Потому, что Ульрик тоже молчал. А еще раньше молчал Дориан.
И что теперь? Пуфферх поймет и… и скажет, что та история умерла. Что четыре года — достаточный срок. А положение Хоцвальдов весьма и весьма шатко. Кредиторы ждут свадьбы, и сообщение о разрыве помолвки весьма их огорчит.
— Ты думаешь о деньгах, — старуха высвободила руку и коснулась щеки.
— Да.
— Мы тратили много?
Слишком много. Дед. Мать. Отец. Дориан. Эмили. Вексель к векселю, долг к долгу, шаг за шагом к пропасти долговой. Остался последний, и Ульрик не собирается его делать.
— Ульрик, деньги — это просто деньги. И честь — лишь слово. Я не хочу, чтобы ты сошел с ума, живя с женщиной, которую презираешь.
Поздно. Он уже безумен, и слова старухи ничего не изменят. Что до Ольги, то… вправе ли Ульрик судить кого-нибудь?
— Все будет хорошо, — Ульрик поцеловал руку. — Имя Хоцвальдов…
— Я не про имя говорю! Я говорю про тебя, Ульрик. Попробуй хотя бы раз сделать что-то для себя.
Ульрик делает.
Для себя он убивает и пьет живую кровь.
Для Хоцвальдов женится на Ольге. Все замечательно. Вот только вопрос, ради которого он пришел, так и не задан.
— Бабушка, если вы еще не очень устали, то мне нужен ваш совет ином в деле. Если вдруг… если вдруг мне случится испытать надобность… если случится испытать надобность в живой крови, что мне делать?
Сейчас она его ударит. Старуха ведь умна, она понимает, о чем Ульрик спросил. И почему. Ее ладонь, прижавшаяся к щеке, дрожит, и Ульрик готов принять приговор.

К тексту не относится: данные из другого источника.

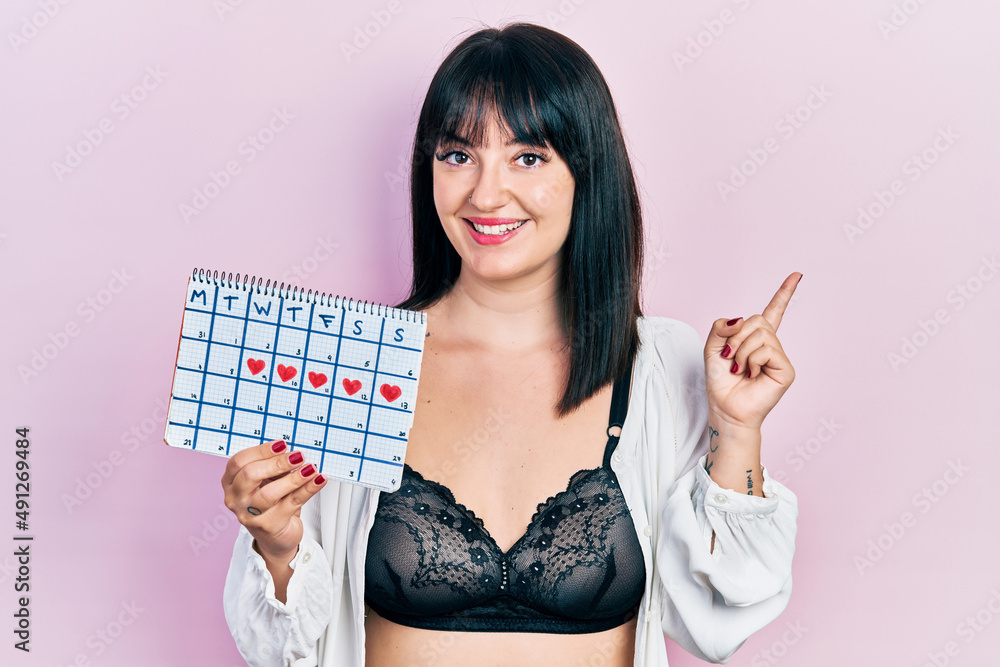 Poster young hispanic woman holding menstrual calendar wearing underwear smiling happy pointing with hand a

— Быть крайне осторожным, — говорит бабушка, закрывая глаза.
Леди Фэйр молчала. Ей казалось, что стоит открыть рот и случиться непоправимое. Она не очень представляла себе и даже понимала, что все ужасное, что могло с ней произойти, уже произошло, но продолжала цепляться за молчание.
Ехать было далеко. Служебный экипаж подпрыгивал и скрипел, опасно кренясь то влево, то вправо. Узкое окошко прикрывала вуаль грязноватой занавески, за которой мелькали тени. И леди Фэйр старательно любовалась их танцем, не желая поворачивать голову влево, поскольку там — совсем-совсем близко — сидел такой родной и такой чужой человек.
Он тоже молчал, лишь алмазная пилочка скользила по ногтю с противным звуком.
В какой-то миг тишина стала невыносимой, и из груди Джорджианны вырвался нервический смешок. Господь всеблагой! Еще не так давно она желала убить эту несчастную женщину, и вот теперь, когда та мертва, жалеет.
— Тебе плохо? — встрепенулся Джордж, роняя пилку. — Не молчи, пожалуйста! Скажи. Накричи. Пощечину дай, только не молчи!
— Почему она убила себя?
В бледном свете лампы лицо лорда Фэйра, министра внутренних дел и члена Тайного совета Королевства, желто, как приболевшая луна.
— Не думай об этом.
— Не могу.
Как не думать, когда человек говорил-говорил, а потом раз и убил себя?
Джорджианна сказала и эту мысль, и удивилась тому, до чего жалобный у нее голос. И не оттолкнула мягкие руки Джорджа.
— Она хотела сохранить государственные тайны. Или не хотела оказаться в тюрьме. Или испугалась, что не выдержит допросов.
Какие ужасные вещи он говорит! И так спокойно, как будто… как будто точно знает, что в тюрьме плохо, а допросы выдерживают не все. Государственные тайны… какая глупость! Какая ужасная непоправимая глупость умирать из-за каких-то государственных тайн!
— Она умерла. И больше не причинит тебе зла, — продолжал шептать лорд Фэйр.
— Она не собиралась. И не угрожала. Мы просто говорили. — Джорджианна поняла, что ей удобно сидеть вот так, положив голову на плечо мужа. И что на самом деле ей все равно, чем он занимается в своем министерстве: бумаги перебирает или допрашивает пойманных шпионов.
— И о чем вы говорили?
— Джордж, я тебя никогда не спрашивала, но… скажи, ты любишь меня?